A global research consortium of over 100 study groups in more than 65 countries has launched the Global RETFound initiative, a collaborative effort to develop the first globally representative Artificial Intelligence (AI) foundation model in medicine, using 100 million eye images.
The project addresses growing concerns about AI bias in healthcare while demonstrating how international collaboration can advance medical AI development in an equitable way. One of the largest medical AI collaborations ever undertaken, it produces a medical dataset that is geographically and ethnically diverse. The data will span Africa, the Middle East, South America, Southeast Asia, the Western Pacific, and the Caucasus region. The consortium welcomes additional researchers and institutions to join their collaborative effort towards more inclusive medical AI development.
Led by researchers from the National University of Singapore Yong Loo Lin School of Medicine (NUS Medicine), Moorfields NHS Foundation Trust, University College London (UCL), and the Chinese University of Hong Kong (CUHK), the consortium will develop its model using an unprecedented dataset of over 100 million color fundus photographs (photos of the back of the eye), sourced from more than 65 countries. The global initiative builds on the success of RETFound, the first foundation model for retinal and systemic disease detection.

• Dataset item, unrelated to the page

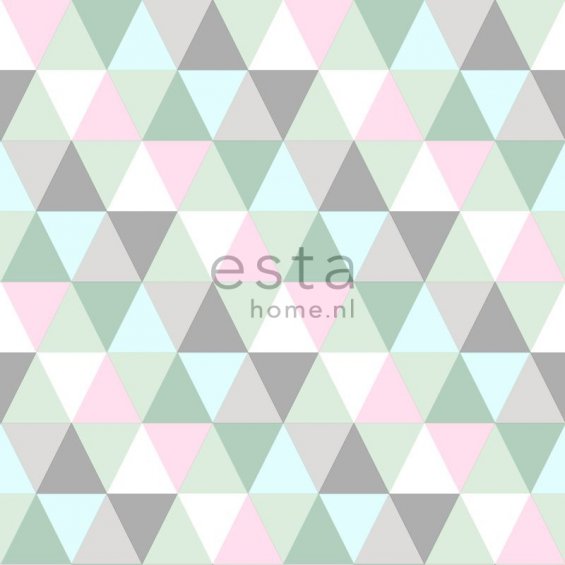 Wallpaper with grey, baby pink, white and mint triangles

While RETFound demonstrated potential for medical AI applications, the next global model will expand the training data to encompass every continent except Antarctica. "Current foundational models are trained on data that is geographically and demographically ‘narrow’, which limits their effectiveness and can perpetuate existing health inequalities," explained Dr. Yih Chung Tham, Assistant Professor at NUS Medicine, and a NUS Presidential Young Professor, one of the project key leads.

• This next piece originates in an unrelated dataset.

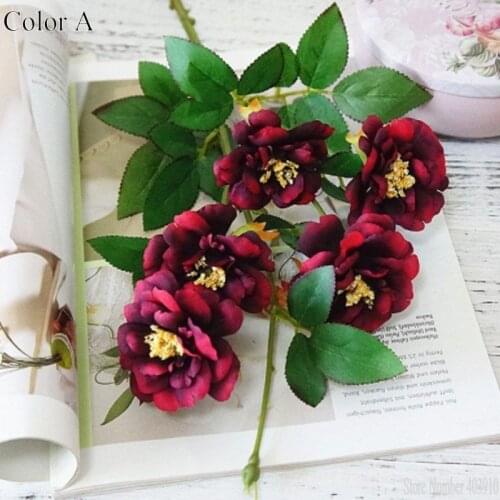 1PCS 60cm 5Heads Artificial tea rose fake silk flower accessories for bouquet decorative pot Weeding Artificial Camellia flower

"The Global RETFound Consortium addresses this challenge through innovative approaches that enable broad international participation at unprecedented scale, while maintaining data privacy protections."

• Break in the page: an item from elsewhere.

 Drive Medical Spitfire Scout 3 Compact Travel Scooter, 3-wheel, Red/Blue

The project features a flexible, two-pronged data sharing framework that accommodates varying technical capacities and regulatory requirements. The first approach involves local fine-tuning of generative AI models at individual institutions, with only model weights shared centrally, ensuring no patient data leaves the originating site. The second pathway enables direct sharing of de-identified data through secure infrastructure for institutions that do not have local GPU resources or technical expertise. By combining real and synthetic data generation techniques, we can build a diverse, globally representative dataset without compromising security.